Juga ada Surat Keputusan Bersama Meneg PP, Menteri Kesehatan, Polri, Menteri Kehakiman dan HAM dan Menteri Sosial untuk melakukan tindakan-tindakan guna mengurangi, melindungi korban kekerasan terhadap perempuan sesuai dengan bidang masing-masing. Hal ini juga merupakan salah satu tindakan guna mendorong berdirinya pusat-pusat krisis di rumah sakit.

Namun meski begitu, diyakini kekerasan terhadap perempuan itu bermuasal pada struktur dasar yang timpang tadi, yakni perempuan besar dalam jumlah namun kecil dalam suara. Maka pemberdayaan perempuan di masa depan adalah bagaimana membuat kaum Hawa mengambil bagian dalam proses-proses pengambilan keputusan pada segala tingkatan.

”Affirmative Actions”

Ibarat sebuah perlombaan marathon, kaum Adam telah berlari sejak awal karena sejarah yang patriarkal. Mungkinkah perempuan menyusul dengan jarak yang sedemikian timpang tadi?
Jelas ini bukan hal alami yang merupakan sebuah keniscayaan. Perempuan sulit menyusul karena beban pekerjaan domestik bahkan publik (double burden) yang ditanggungnya, aspek sosial budaya yang mengungkung perannya, di samping ketertinggalan dalam hal pendidikan dan kesempatan.

Untuk mengatasi hal itu memang perlu tindakan sementara (affirmative actions) yang lebih dikenal dengan kuota perempuan. Tujuanya untuk mengoreksi rendahnya keterwakilan perempuan dalam pengambilan keputusan hajat hidup dunia. Sehingga, jika 50 persen penduduk dunia adalah perempuan, maka angka 30 persen merupakan angka minimal sebagai critical mass yang diperlukan untuk menjamin kepentingan perempuan.

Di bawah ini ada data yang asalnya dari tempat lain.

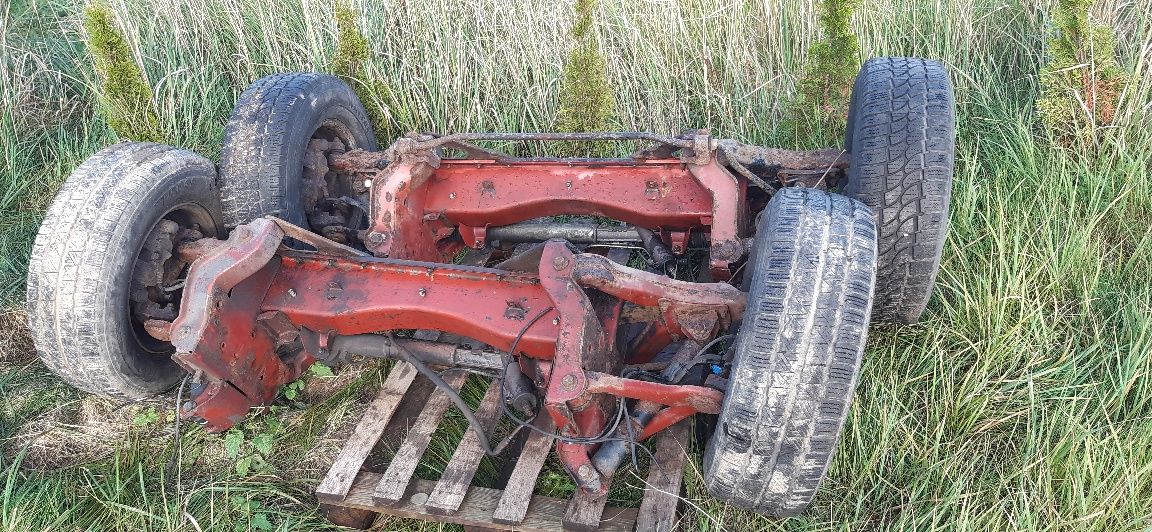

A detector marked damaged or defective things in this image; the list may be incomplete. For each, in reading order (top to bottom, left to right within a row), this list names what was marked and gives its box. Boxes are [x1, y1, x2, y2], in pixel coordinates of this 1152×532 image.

rusted bolt [557, 373, 576, 391]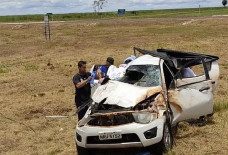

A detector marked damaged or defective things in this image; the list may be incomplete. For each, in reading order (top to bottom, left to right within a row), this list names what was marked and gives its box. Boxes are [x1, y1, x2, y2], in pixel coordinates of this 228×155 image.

crumpled roof [134, 47, 219, 68]
shattered windshield [118, 65, 161, 87]
broken window glass [118, 65, 161, 87]
crushed hood [91, 81, 162, 108]
wrecked white pickup truck [75, 47, 220, 154]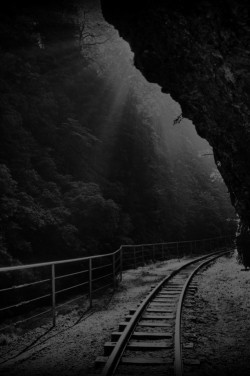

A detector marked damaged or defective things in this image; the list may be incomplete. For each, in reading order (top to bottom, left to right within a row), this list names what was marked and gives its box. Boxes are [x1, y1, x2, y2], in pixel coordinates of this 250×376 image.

rusty metal railing [0, 236, 234, 330]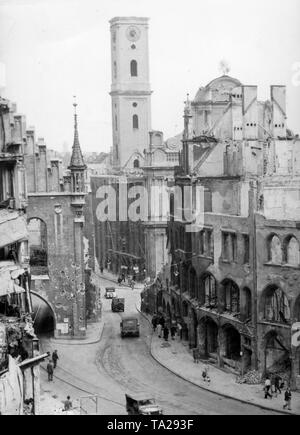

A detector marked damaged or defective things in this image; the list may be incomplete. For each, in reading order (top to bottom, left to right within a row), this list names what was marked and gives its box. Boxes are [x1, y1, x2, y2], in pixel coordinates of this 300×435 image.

building with broken windows [142, 73, 300, 390]
damaged building facade [142, 76, 300, 392]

Dicantumkannya kuota 30 persen bagi perempuan untuk menjadi calon di parlemen segera disikapi partai politik dengan berlomba-lomba membentuk atau mengaktifkan kembali departemen perempuan dalam partainya. Kesatuan Perempuan Partai Golkar Bali misalnya, baru dibentuk beberapa waktu lalu dan langsung memulai kiprahnya dengan melakukan kegiatan karitatif yang diharapkan dapat mengundang simpati masyarakat.

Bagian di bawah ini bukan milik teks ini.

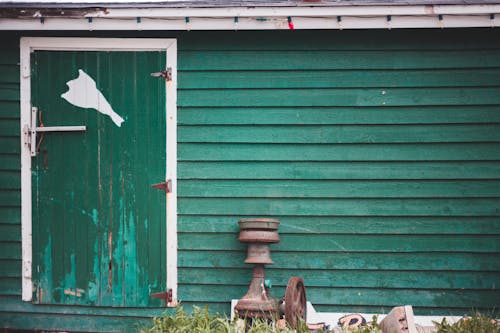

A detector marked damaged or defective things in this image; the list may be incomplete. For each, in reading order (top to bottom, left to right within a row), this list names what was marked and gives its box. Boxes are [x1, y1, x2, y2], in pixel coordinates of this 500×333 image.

rusty hinge [151, 288, 173, 304]
rusty wheel [284, 274, 306, 326]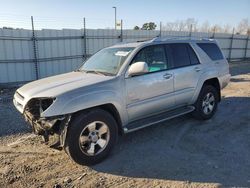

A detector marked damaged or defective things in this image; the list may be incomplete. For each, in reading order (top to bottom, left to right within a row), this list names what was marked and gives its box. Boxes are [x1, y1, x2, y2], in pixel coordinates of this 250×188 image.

damaged suv [13, 37, 230, 164]
exposed wheel well [203, 77, 221, 101]
exposed wheel well [72, 103, 123, 135]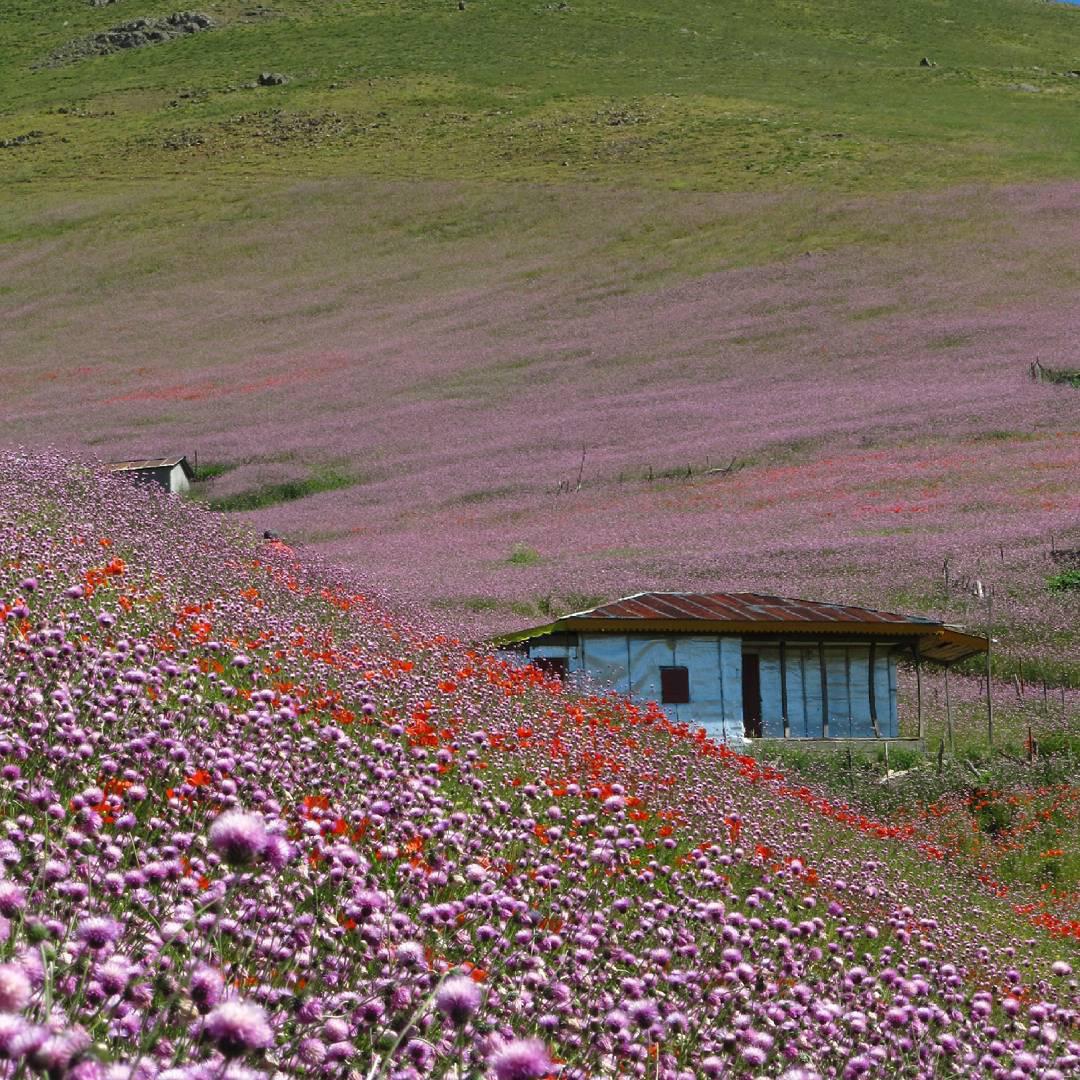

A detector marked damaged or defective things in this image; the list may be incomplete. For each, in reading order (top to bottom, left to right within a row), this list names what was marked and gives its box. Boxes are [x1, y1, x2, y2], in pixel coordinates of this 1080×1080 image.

rusty corrugated roof [492, 592, 988, 668]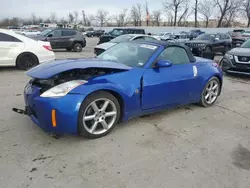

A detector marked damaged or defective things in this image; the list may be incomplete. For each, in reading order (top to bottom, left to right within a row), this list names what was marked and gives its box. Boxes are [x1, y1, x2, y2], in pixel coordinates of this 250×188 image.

Ketua Umum Kesatuan Perempuan Partai Golkar Bali, AA Sagung Anie Asmoro, mengatakan, wadah ini dibentuk untuk meningkatkan peranan perempuan di bidang politik dan kemasyarakatan. Tradisi ‘sayap perempuan’ dalam Nahdlatul Ulama (NU) tampak menjiwai Partai Kebangkitan Bangsa (PKB). Kalau NU memiliki Fatayat, maka ada Perempuan PKB (PPKB).

Asal tahu saja, Ketua PPKB adalah Khofifah Indar Parawangsa yang pada zaman Presiden Abdurrahman Wahid menjabat sebagai Menteri Negara Pemberdayaan Perempuan (Menneg) PP. Dengan menjadi ketua ‘sayap perempuan’ Khofifah menjadi salah satu ketua dalam Dewan Pimpinan Pusat (DPP) PKB.

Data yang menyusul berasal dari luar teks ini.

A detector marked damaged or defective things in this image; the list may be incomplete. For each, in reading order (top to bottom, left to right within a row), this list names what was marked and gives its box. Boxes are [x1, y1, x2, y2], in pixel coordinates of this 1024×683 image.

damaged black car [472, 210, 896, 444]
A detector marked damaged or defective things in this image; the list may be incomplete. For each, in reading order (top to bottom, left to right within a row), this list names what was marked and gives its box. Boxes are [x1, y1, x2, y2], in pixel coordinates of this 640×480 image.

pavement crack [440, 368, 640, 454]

Sementara itu, selang beberapa hari pengesahan Undang-undang Pemilu yang meloloskan soal kuota perempuan, Partai Demokrasi Indonesia Perjuangan (PDIP) Daerah Khusus Ibukota (DKI) Jakarta langsung membentuk Departemen Wanita dan Sosial pada tanggal 20 Februari 2003.

”Tentu kita tidak ingin belas kasihan untuk duduknya kita di legislatif. Tentunya prestasi ibu-ibu yang mendudukkan. Kita tunjukkan kemauan dan kemampuan, jangan karena belas kasihan,” ajak Ketua Dewan Pimpinan Daerah (DPD) PDIP DKI Jakarta, Sumiati Sukarno, ketika melantik Departemen Wanita dan Sosial di Kebagusan Jakarta, Selasa (4/3) lalu.

Potensi perempuan untuk diajukan partai politik peserta Pemilu sebagai calon anggota legislatif sebetulnya sangat banyak tersedia, tetapi selama ini tidak ada keinginan dari parpol untuk menggunakan akses tersebut.Klausul yang menyetujui agar ada kuota 30 persen bagi calon anggota legislatif perempuan merupakan kemajuan politik yang cukup radikal dalam kondisi bangsa Indonesia saat ini.

Hak Warga Negara

Dalam UU Pemilu pasal 65 ayat (1) yang berbunyi Setiap partai politik peserta Pemilu dapat mengajukan calon anggota DPR,DPRD Propinsi dan DPRD Kabupaten/kota untuk setiap daerah pemilihan dengan memperhatikan keterwakilan perempuan sekurang-kurangnya 30%.
Kata-kata ‘dapat’ dalam Undang-undang Pemilu tidak perlu disikapi dengan pesimis. Kata tersebut mengacu pada DPR pusat, provinsi atau kabupaten/kota. Partai politik bisa saja hanya memenuhi kuota tersebut untuk legislatif di tingkat pusat.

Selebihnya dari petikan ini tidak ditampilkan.